With the pictures left out, output the records below exactly.

Crawled caption data
──────────────────────────────

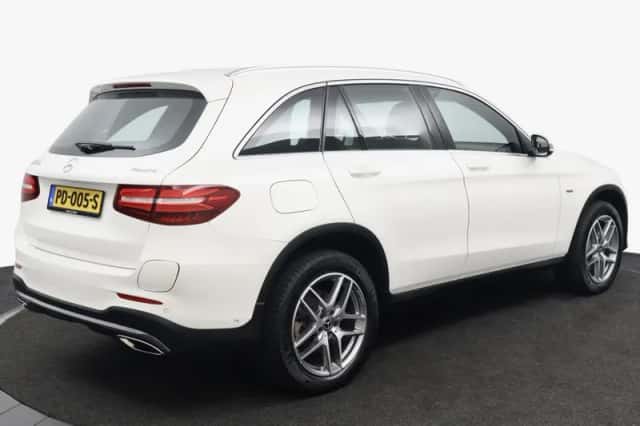 Mercedes-Benz GLC-Klasse (2017) thumbnail 3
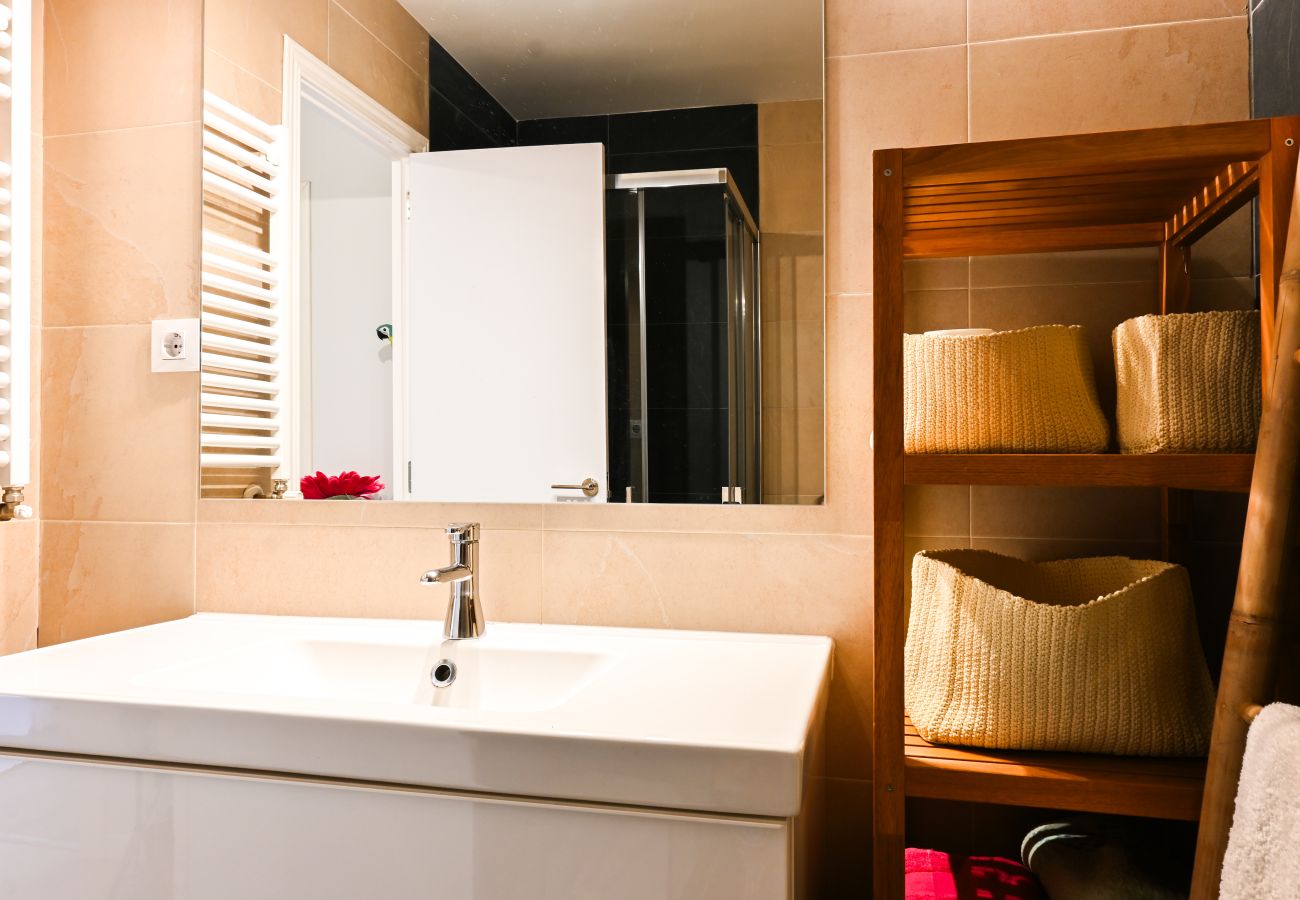 Apartamento en Madrid - Cómodo apartamento de un dormitorio .Temporal Apartamento en Madrid - Cómodo apartamento de un dormitorio .Temporal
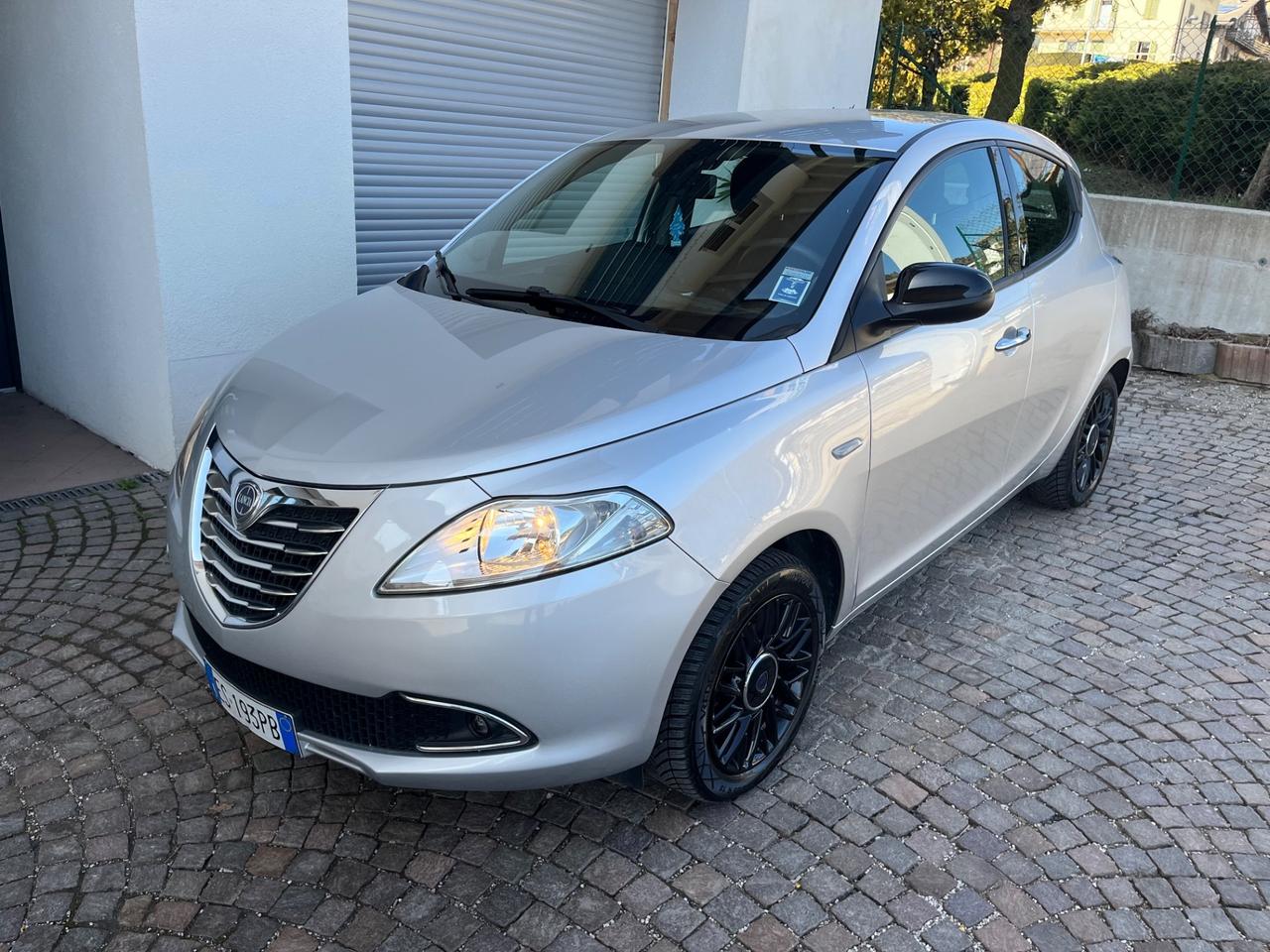 Lancia Ypsilon 0.9 TwinAir 85 CV 5 porte S&S Gold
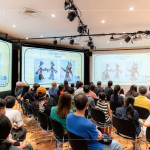 由『東華皮影劇團』營運總監(jiān)分享各國影偶的特色，不論是製作設(shè)計、雕刻技巧，或是操桿數(shù)量都大有不同，道出師傅們的匠心獨具。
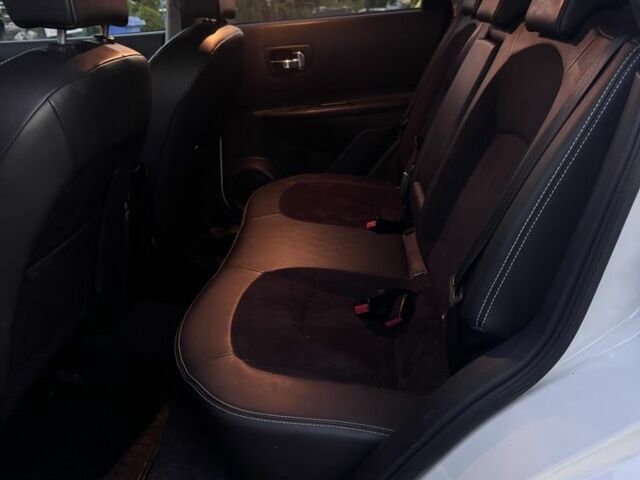 Белый Ниссан Кашкай, объемом двигателя 1.5 л и пробегом 199 тыс. км за 4149 $, фото 11 на Automoto.ua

──────────────────────────────

(Exercise response)
 Mercedes-Benz GLC-Klasse (2017) thumbnail 3
 Apartamento en Madrid - Cómodo apartamento de un dormitorio .Temporal Apartamento en Madrid - Cómodo apartamento de un dormitorio .Temporal
 Lancia Ypsilon 0.9 TwinAir 85 CV 5 porte S&S Gold
 由『東華皮影劇團』營運總監(jiān)分享各國影偶的特色，不論是製作設(shè)計、雕刻技巧，或是操桿數(shù)量都大有不同，道出師傅們的匠心獨具。
 Белый Ниссан Кашкай, объемом двигателя 1.5 л и пробегом 199 тыс. км за 4149 $, фото 11 на Automoto.ua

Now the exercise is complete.